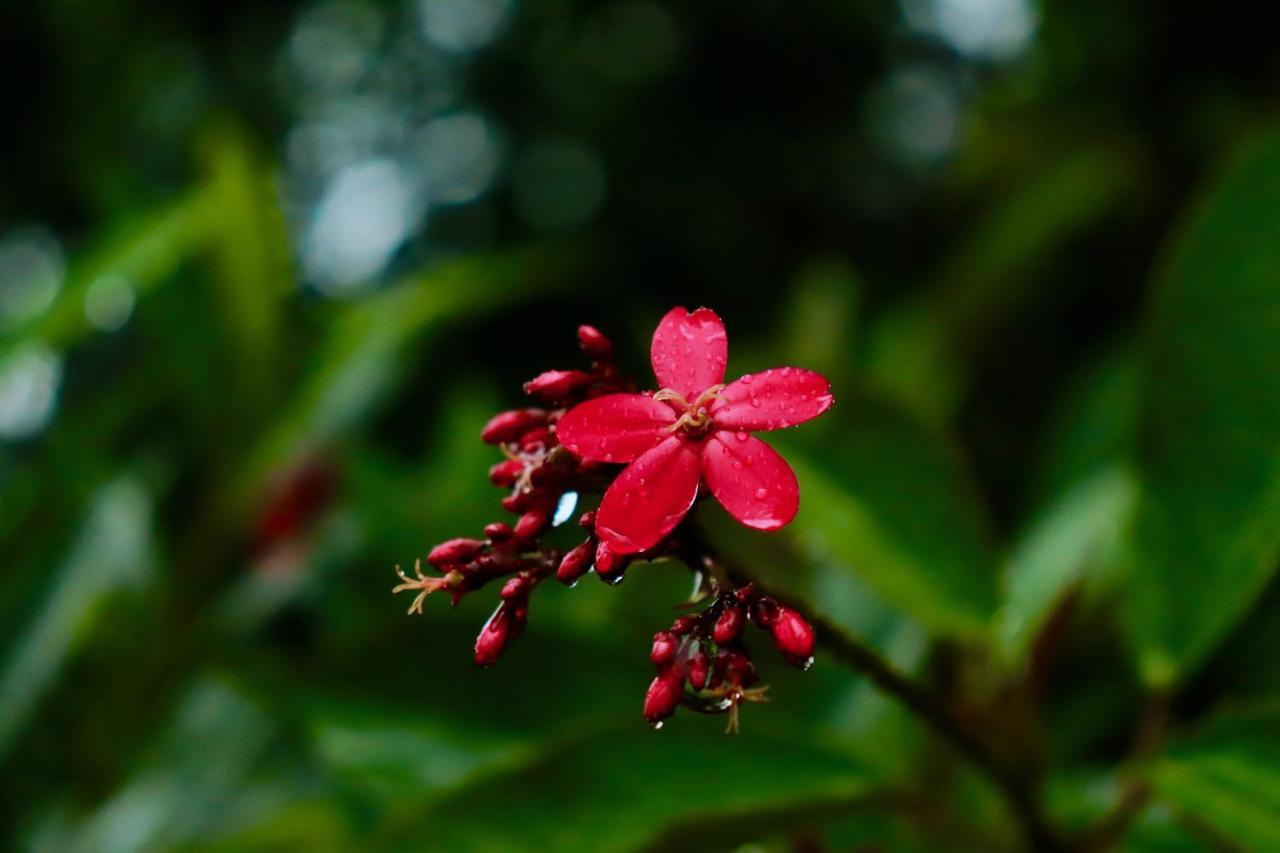 Paradise Eco Garden Китулгала Экстерьер фото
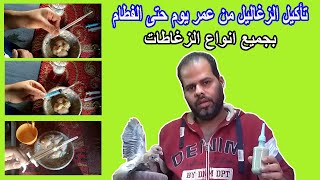 تأكيل زغاليل الحمام اللبا من عمر يوم حتى الفطام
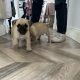 Pug Tzu Puppies for Sale
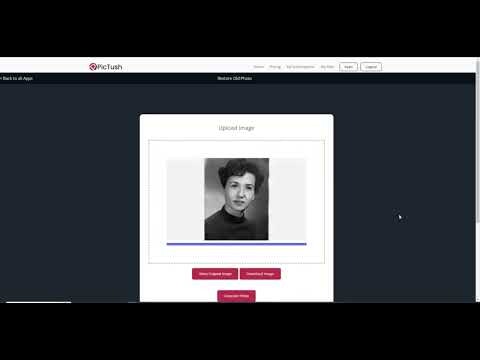 PicTush gallery image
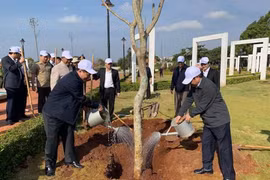 Lancement de la fête de plantation d’arbres dans différentes localités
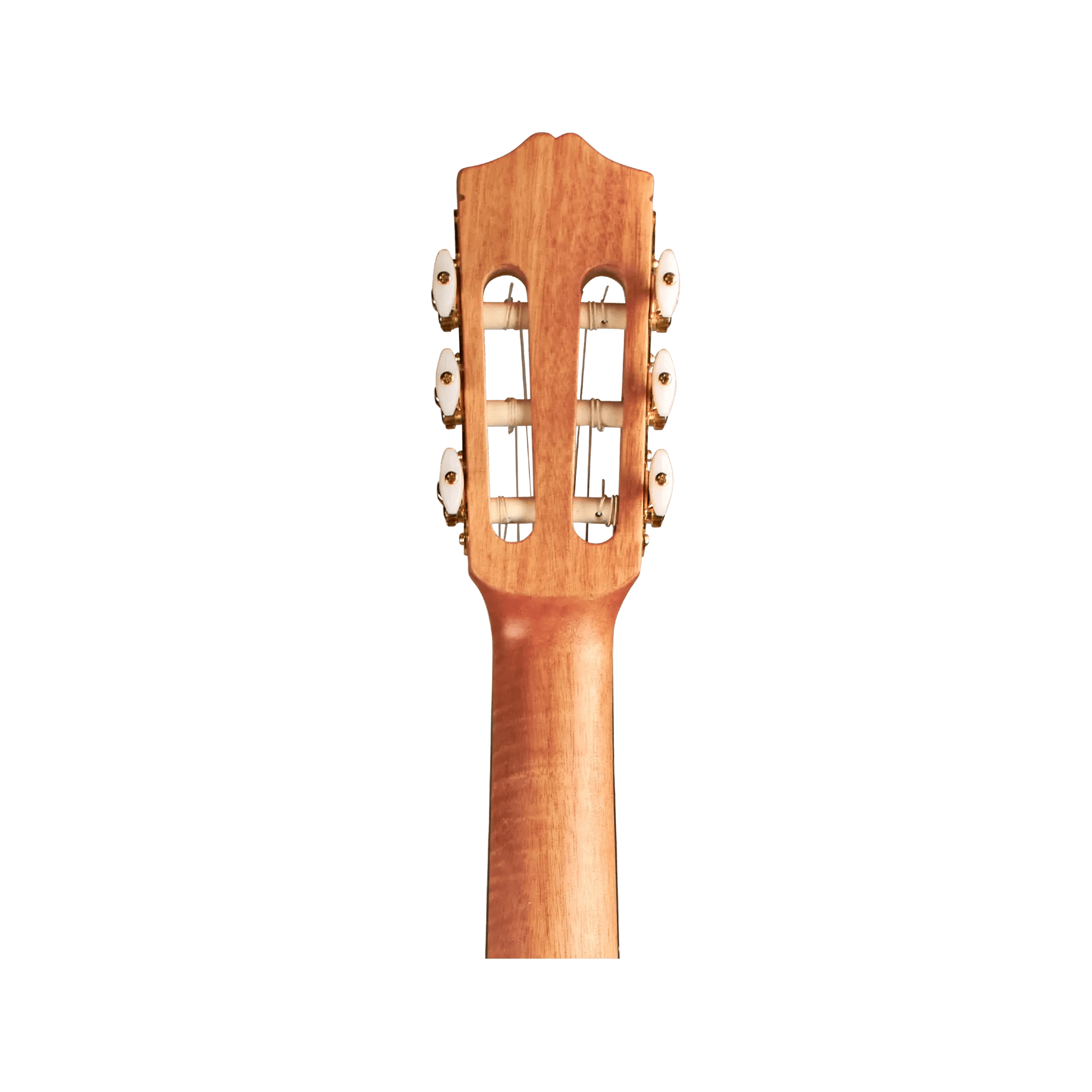 Cordoba Protege C1M 1/4 size Acoustic Guitars Cordoba Art of Guitar
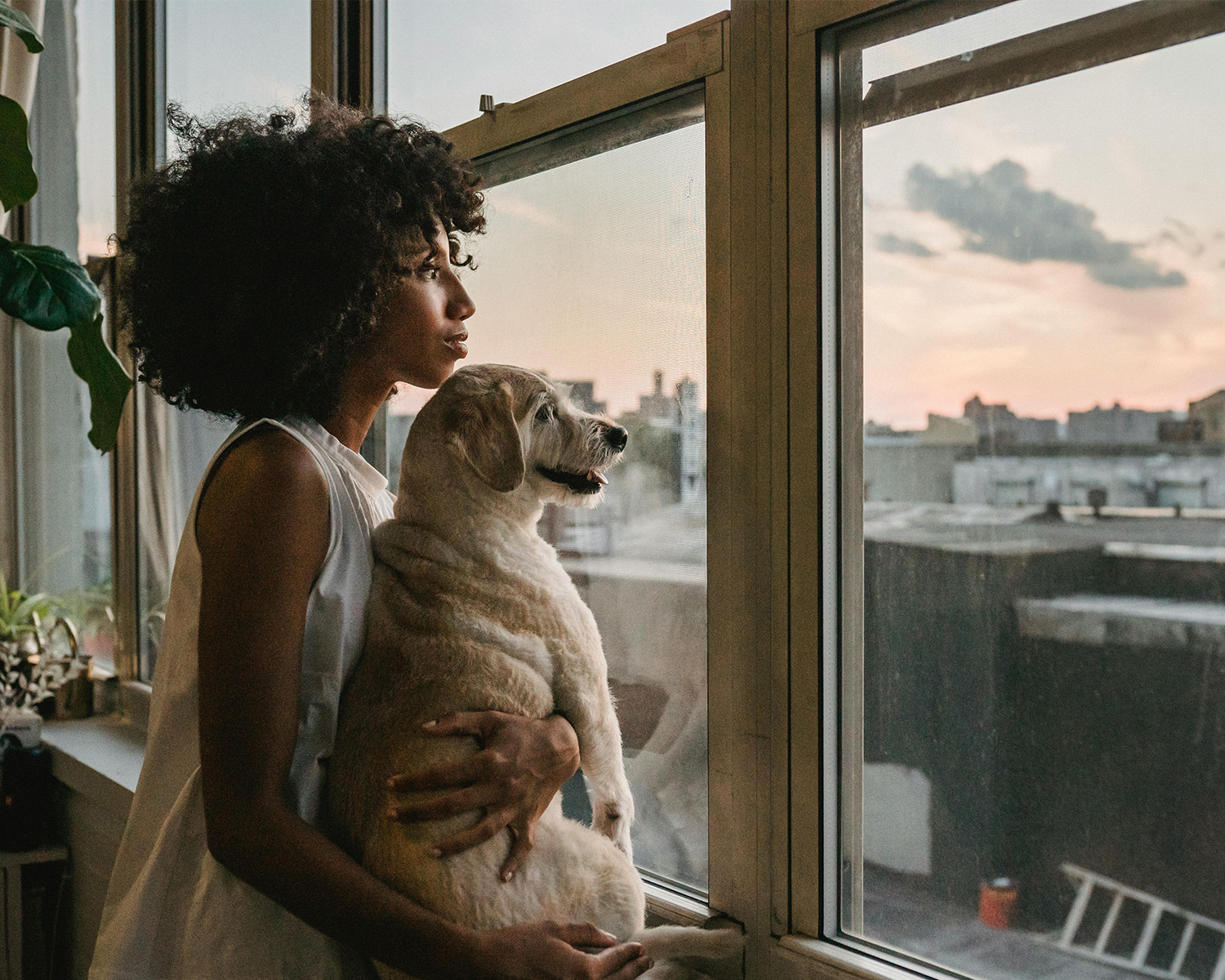 woman and dog looking out of a window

## What to produce
Exact duplicates of all the entries are required, and no image may appear in them.

## Written response
 Paradise Eco Garden Китулгала Экстерьер фото
 تأكيل زغاليل الحمام اللبا من عمر يوم حتى الفطام
 Pug Tzu Puppies for Sale
 PicTush gallery image
 Lancement de la fête de plantation d’arbres dans différentes localités
 Cordoba Protege C1M 1/4 size Acoustic Guitars Cordoba Art of Guitar
 woman and dog looking out of a window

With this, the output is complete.